メインテーマの「カヴァティーナ」も人気があり、数々のアーティストにカバーされている。
ベトナム戦争を扱った映画としても筆頭となる有名作品ではあるが、アメリカ人を一方的に被害者として描きすぎ、差別的であるという批判も相次いだ。実際、劇中のベトコンに関してはほとんど野蛮人である。その他もろもろの描写も、演出を重視するあまりリアルを欠いている。

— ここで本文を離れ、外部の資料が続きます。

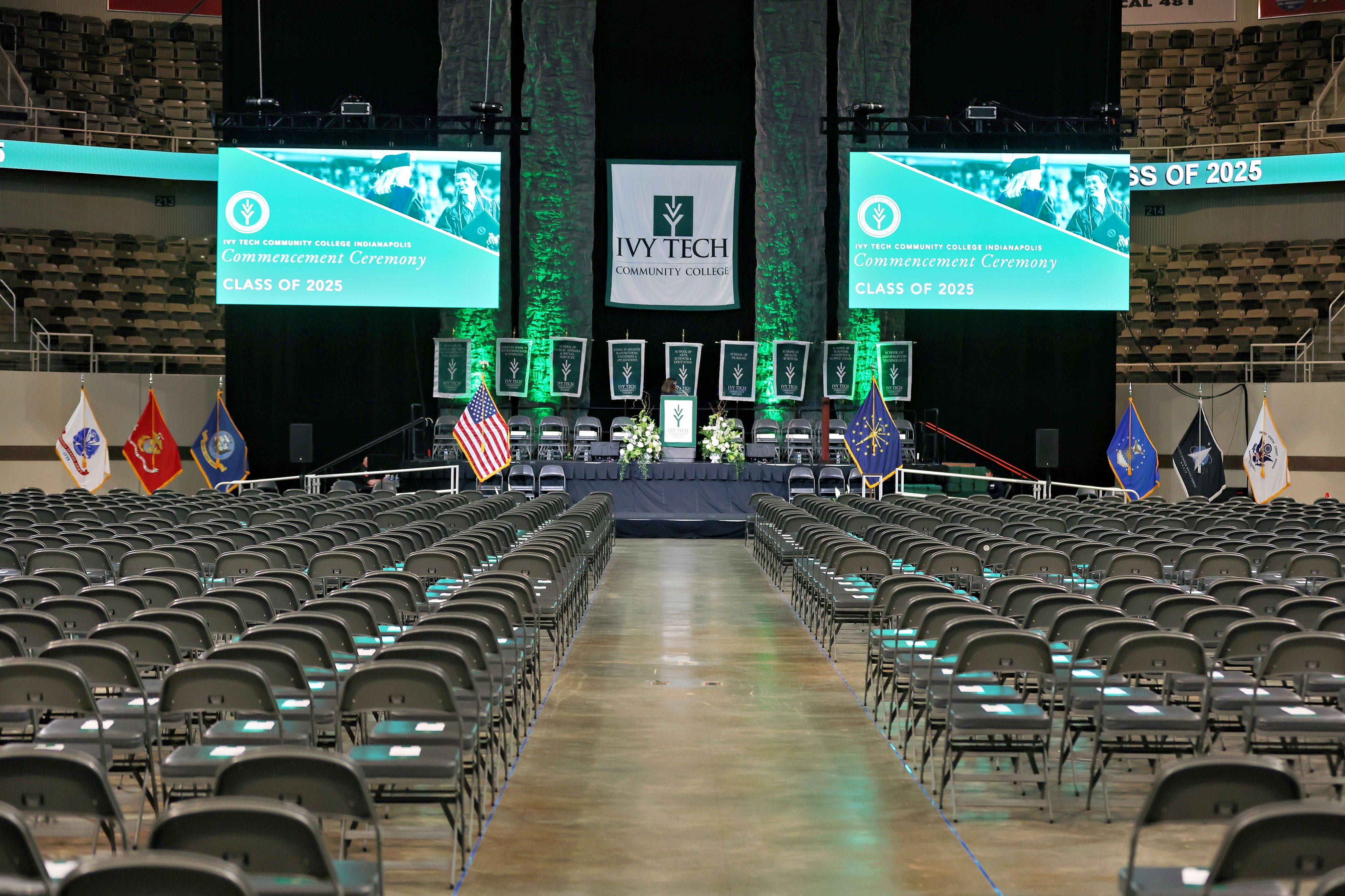 A graduation ceremony held in an indoor gymnasium with graduates and an audience.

しかし、これらはロシア移民の悲哀を描いた寓話であり、決してアメリカ主義的な作品ではないという反論もある。ロシアからアメリカに渡った移民が、ベトナム戦争に徴兵され、ロシア(ソ連)ら共産主義勢力と戦わされる。そういった世界の矛盾を、自分のこめかみに銃口を向けさせられる、ロシアンルーレットというかたちで表現したのが今作であり、ゆえにこれはロシア移民の悲劇なのだ、と。
監督 - マイケル・チミノ
脚本 - デリック・ウォッシュバーン
原案 - マイケル・チミノ / デリック・ウォッシュバーン / ルイス・ガーフィンクル / クイン・K・レデカー
製作 - マイケル・チミノ / バリー・スパイキングス / マイケル・ディーリー / ジョン・リヴェラル
音楽 - スタンリー・マイヤーズ
撮影 - ヴィルモス・スィグモンド
編集 - ピーター・ツィンナー
配給 - ユニバーサル・ピクチャーズ(アメリカ) / ユナイテッド・アーティスツ(日本)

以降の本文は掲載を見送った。